Dataset excerpts
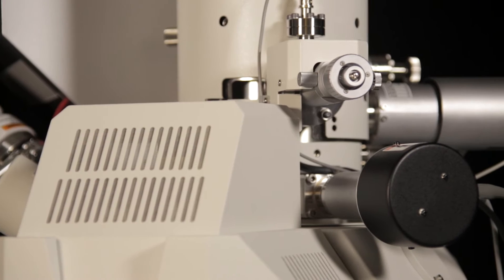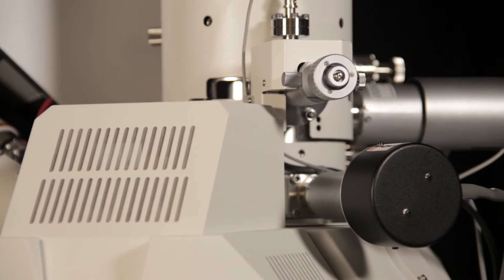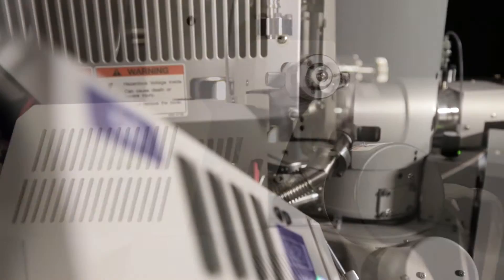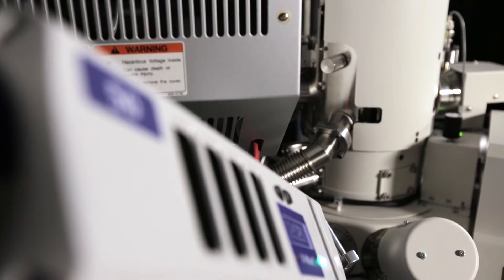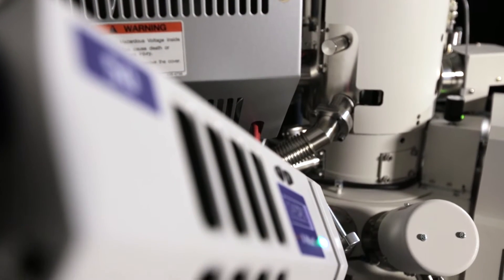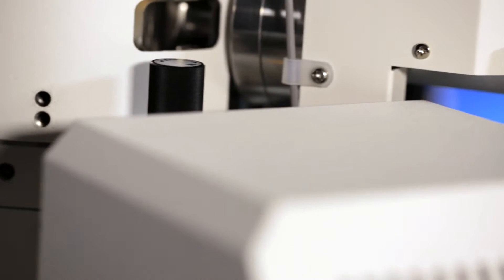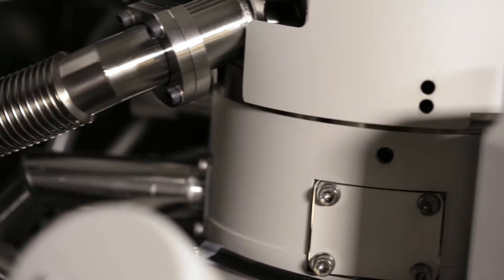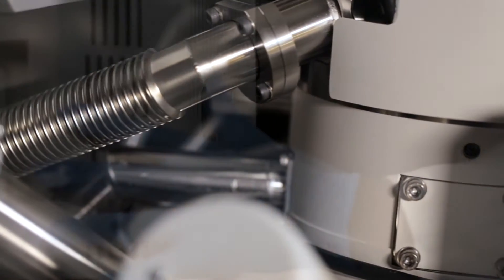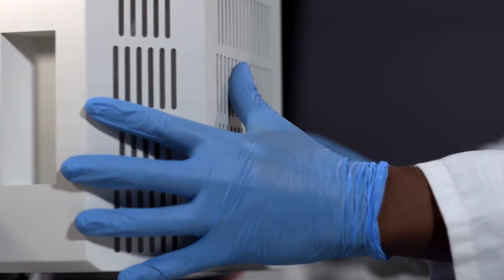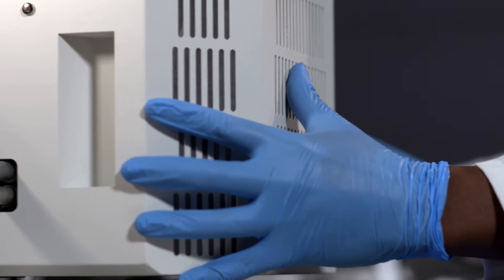Delivering unmatched image quality, particularly in lower accelerating voltage settings, the SU-5000 is an easy to use and versatile instrument with reliability that remains unrivaled in the industry.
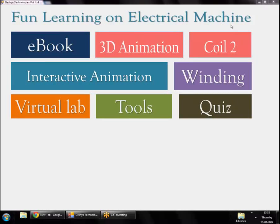Hello everyone and welcome to this webinar on windings of AC machines. In today's webinar we'll be discussing why windings are important in three-phase AC machines, how these windings produce a rotating magnetic field for torque production, and how to design a winding for a three-phase machine. We'll be considering balanced three-phase AC windings — all coils have the same span and same number of turns — and balanced three-phase currents.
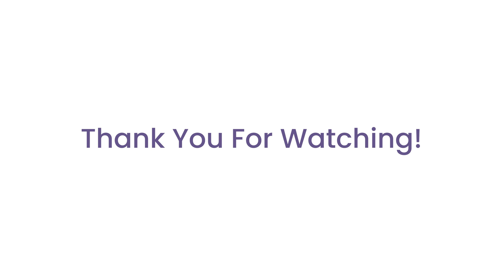Let me know in the comments below what you think. If you have any questions be sure to ask. Until next time, happy coding. Bye.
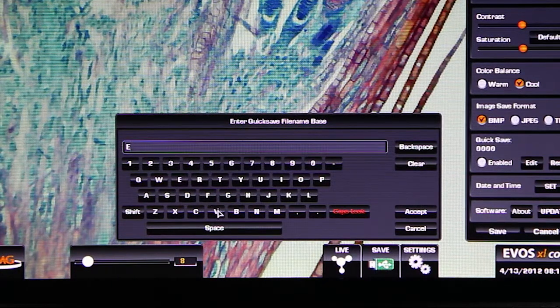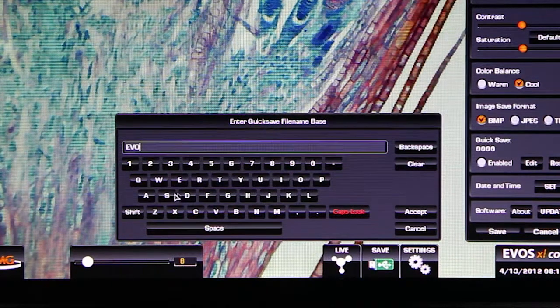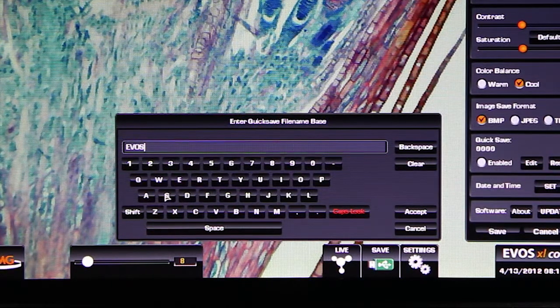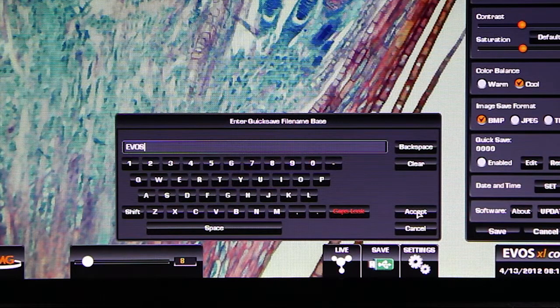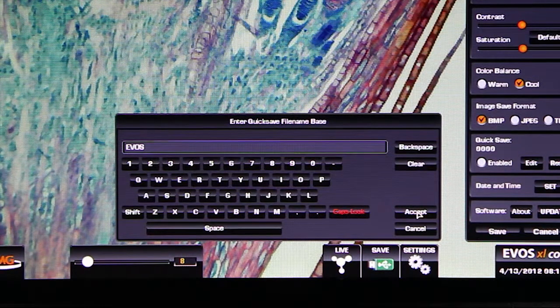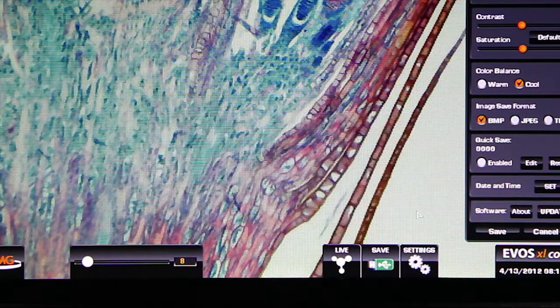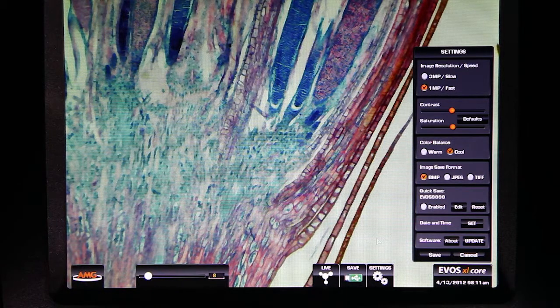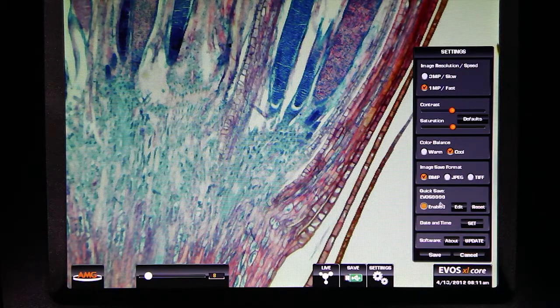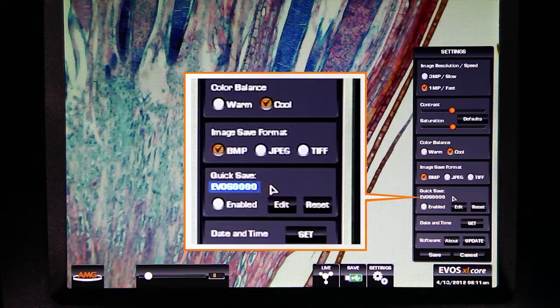After the virtual keyboard appears, simply enter your desired base file name. As you can see, I named the base file EVOS. Now when I use the quick save button, the base file naming convention will be used.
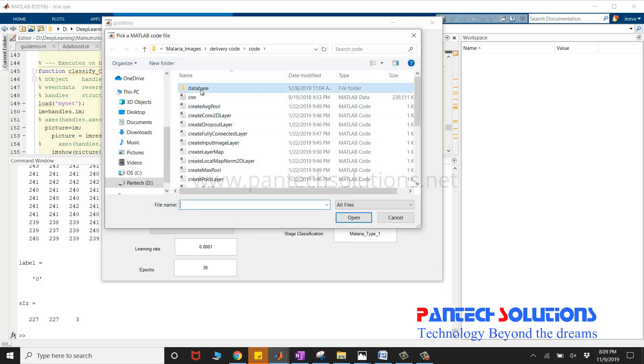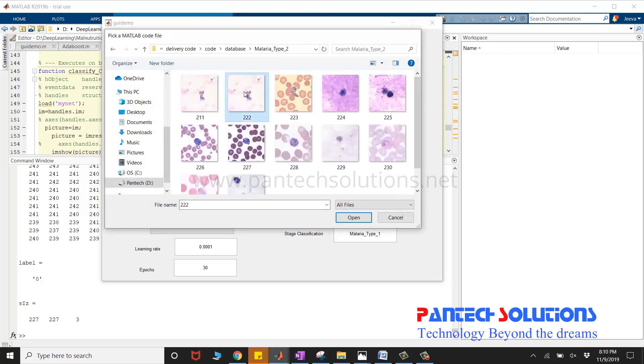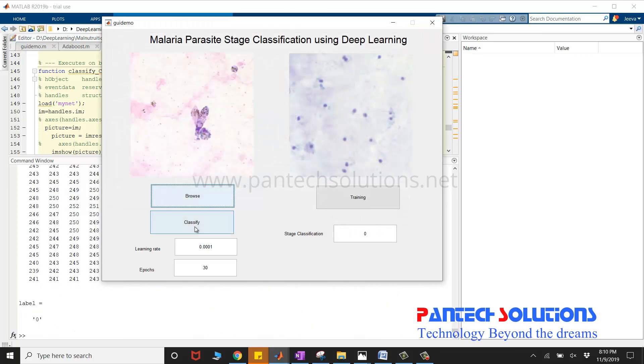I'm going to choose one more image to check whether it is classifying correctly or not.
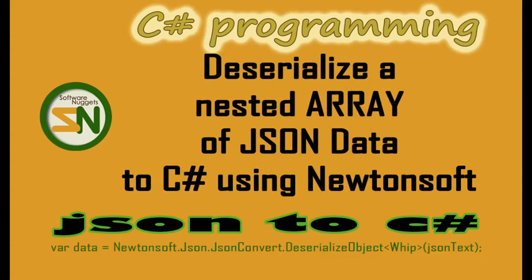Hey team, welcome back to my channel. In this video, we are going to deserialize a nested array of JSON to C-sharp using Newtonsoft.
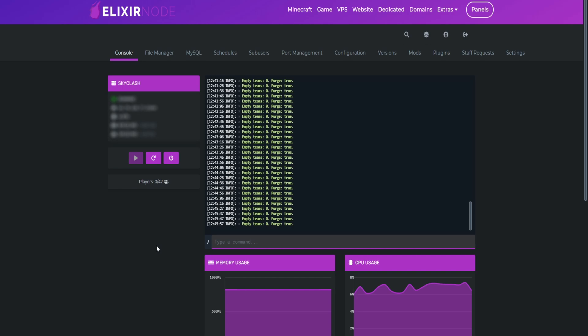So to begin, make sure you're logged in to your game panel and navigate to File Manager.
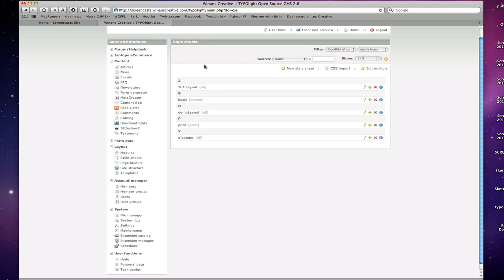Or if I decide to build things kind of offline, I have the ability to just build my style sheet in another program and then simply import it to the system using CSS import. And it works really nice and quickly and easily.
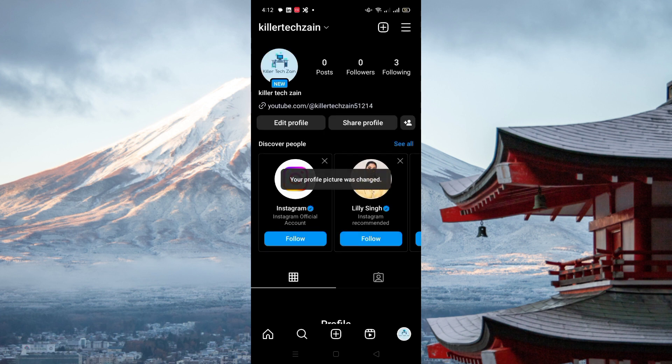It's working and after a few moments you can see your profile picture has been successfully added on Instagram. Thank you so much guys for watching this video.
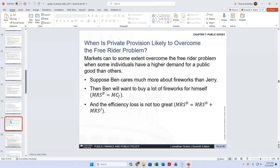How difficult is it to try to remove the free rider problem when we have private provision? It's pretty easy, because you can go through the courts and try to enforce pricing.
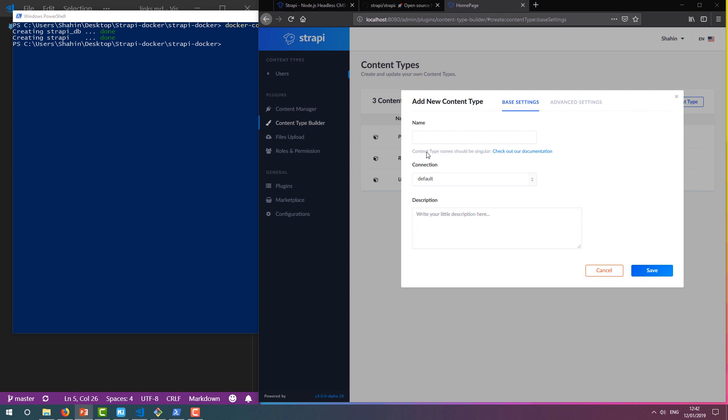We need to give our content type a name. Strapi advises that it should be singular, so we'll call it Note, as in guests leaving notes on our webpage.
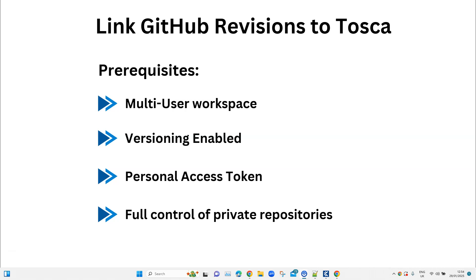The whole purpose of doing this is to maintain versions of your Tosca code linked to a GitHub code version. This GitHub code version could be your development code, and you are creating links between these different versions so that when you execute your Tosca automation test cases, you can be sure they are being executed against a particular version of your code.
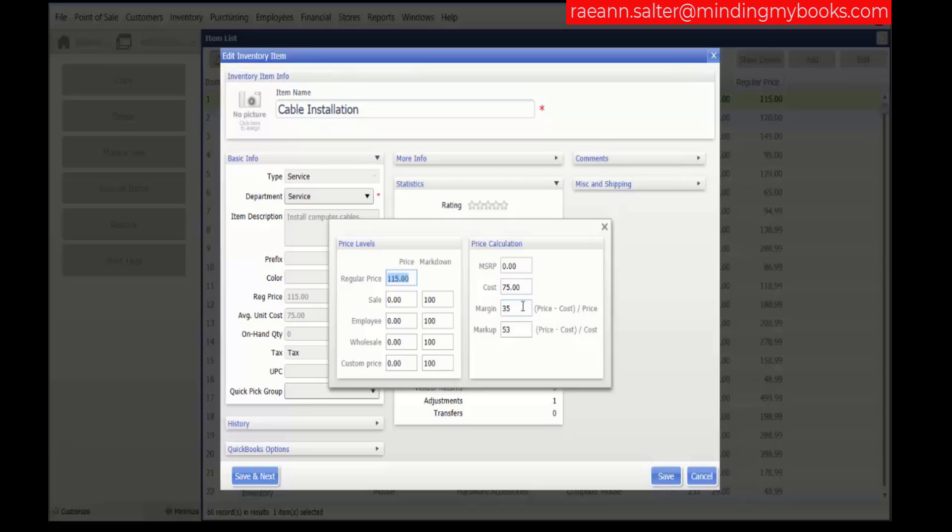The margin percentage is the gross margin or profit margin percentage, auto-filled from the department record on new items and updated automatically as average unit cost changes. Manually editing the margin results in a recalculation of your price.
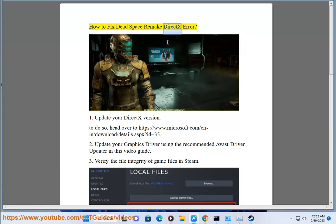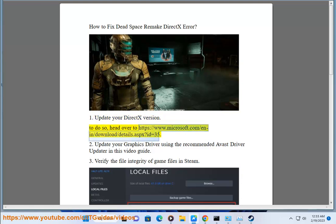How to fix Dead Space Remake DX Error. 1. Update your DX version. To do so, head over to https://www.microsoft.com/en-in/download/details.aspx?ID=35352.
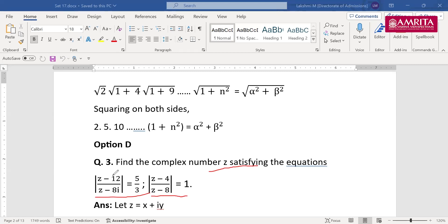Let z = x + iy. You have to substitute for both equations and find x and y. It's very easy — you just need to be careful with calculations. The value could be a single value or based on the roots. For the first equation: 3|z − 12| = 5|z − 8i|. Substituting x + iy gives 9(x−12)² + 9y² = 25x² + 25(y−8)². You form an equation from each and solve simultaneously.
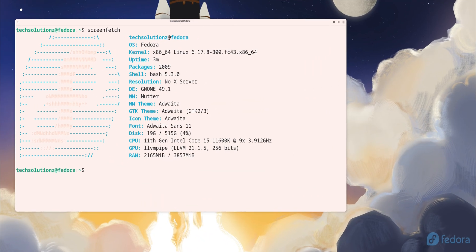Welcome back to Tech Solutions Z. In this video, I am going to show you how to install Wine on Fedora 43 using the official instructions from Wine HQ. If you want to run Windows applications on your Linux system without using a virtual machine, this is exactly what you need.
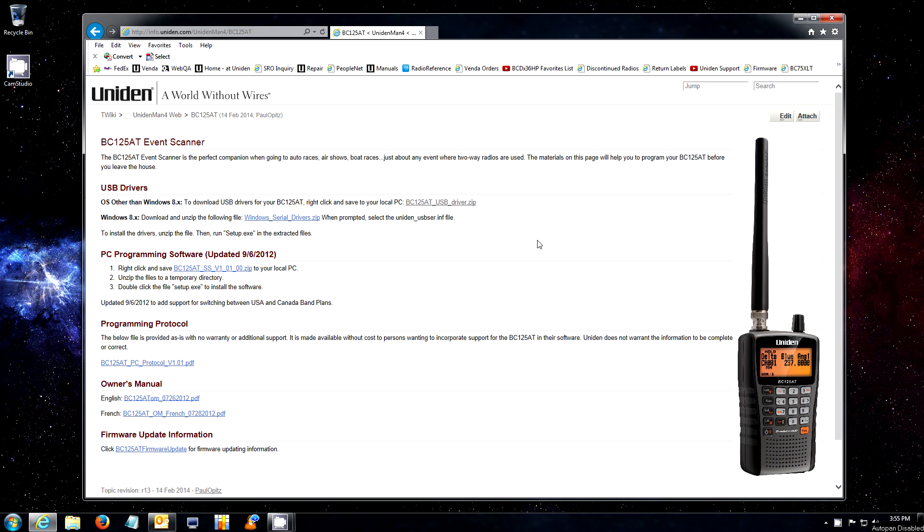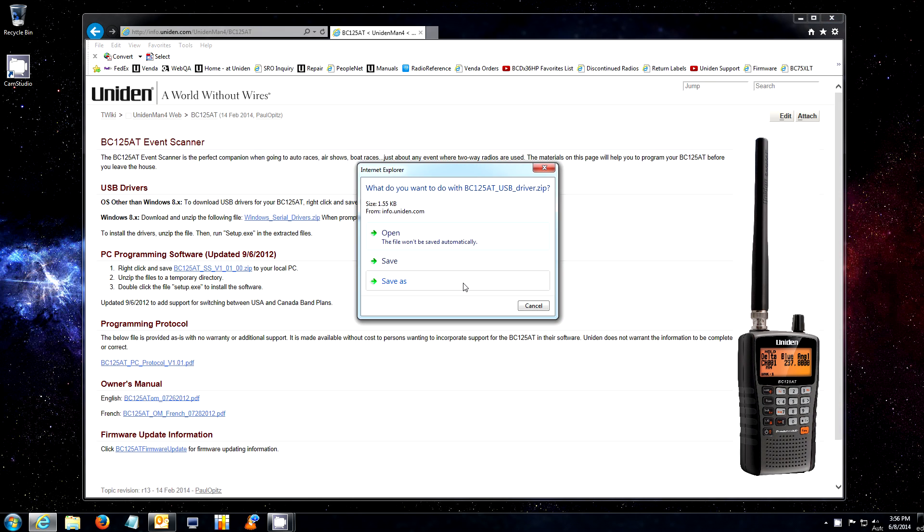Once you've reached the model's Twiki page, you will see options for Windows 8 or operating systems other than Windows 8. You will click the one that applies.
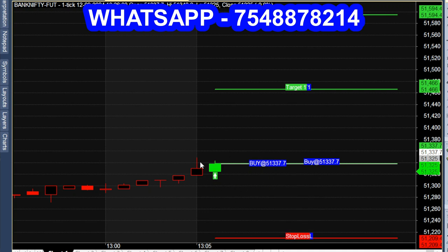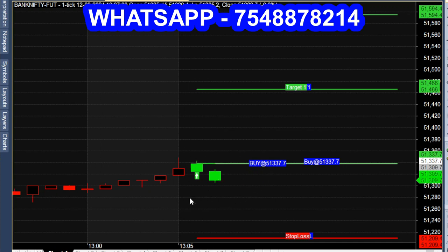This is a chart for the new market — Bank Nifty future. If we look at the entry point, the green candle is at 5137.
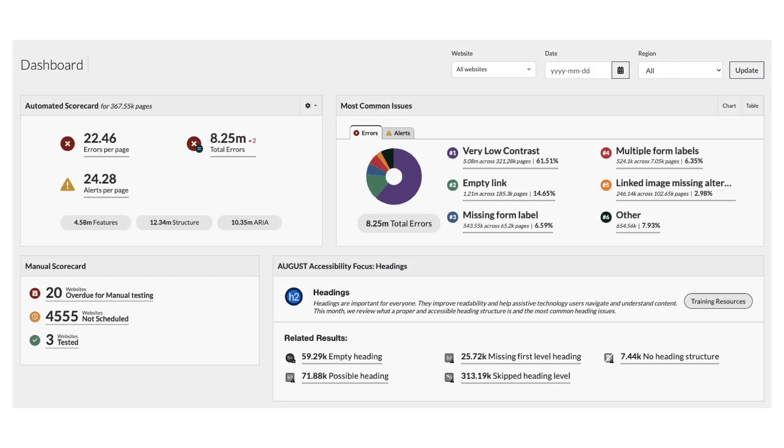Here is an example of Pope Tech's dashboard page. The Heading 1 is dashboard, which communicates the page as an overview of information.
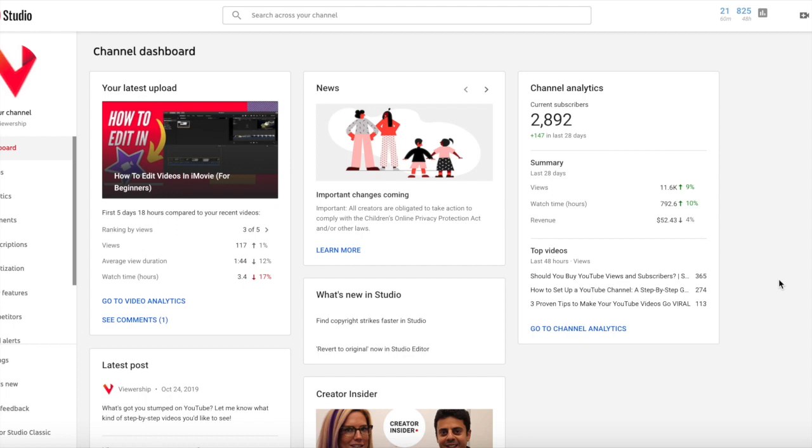Hey guys, it's Keri with Viewership and today I'm going to walk you step-by-step through how I optimize videos in YouTube Studio Beta.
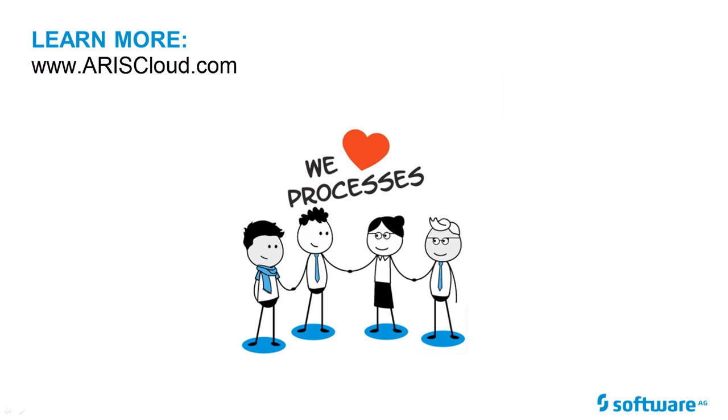Now you know how to upload and restore a database in ARIS Cloud Advanced. Please contact us to learn more.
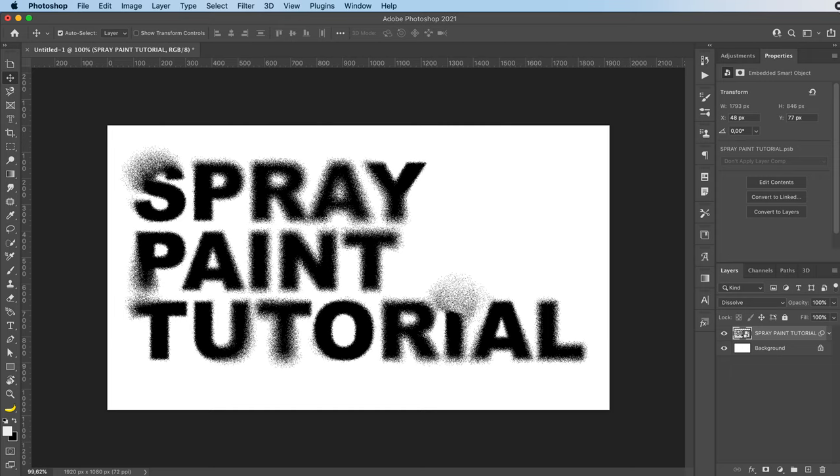You can add some textures on top and make it even cooler. Add a gradient map or all that kind of stuff. But this is the basic way that I at least do it.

## [Problem to solve]
Each line from the one that contains "Let me know" down to the one that contains "It's working and" is to be returned exactly as it stands above, both ends included, with pictures removed.

## [Written response]
Let me know in the comments below what you think. If you have any questions be sure to ask. Until next time, happy coding. Bye.
After the virtual keyboard appears, simply enter your desired base file name. As you can see, I named the base file EVOS. Now when I use the quick save button, the base file naming convention will be used.
I'm going to choose one more image to check whether it is classifying correctly or not.
Hey team, welcome back to my channel. In this video, we are going to deserialize a nested array of JSON to C-sharp using Newtonsoft.
So to begin, make sure you're logged in to your game panel and navigate to File Manager.
Or if I decide to build things kind of offline, I have the ability to just build my style sheet in another program and then simply import it to the system using CSS import. And it works really nice and quickly and easily.
It's working and after a few moments you can see your profile picture has been successfully added on Instagram. Thank you so much guys for watching this video.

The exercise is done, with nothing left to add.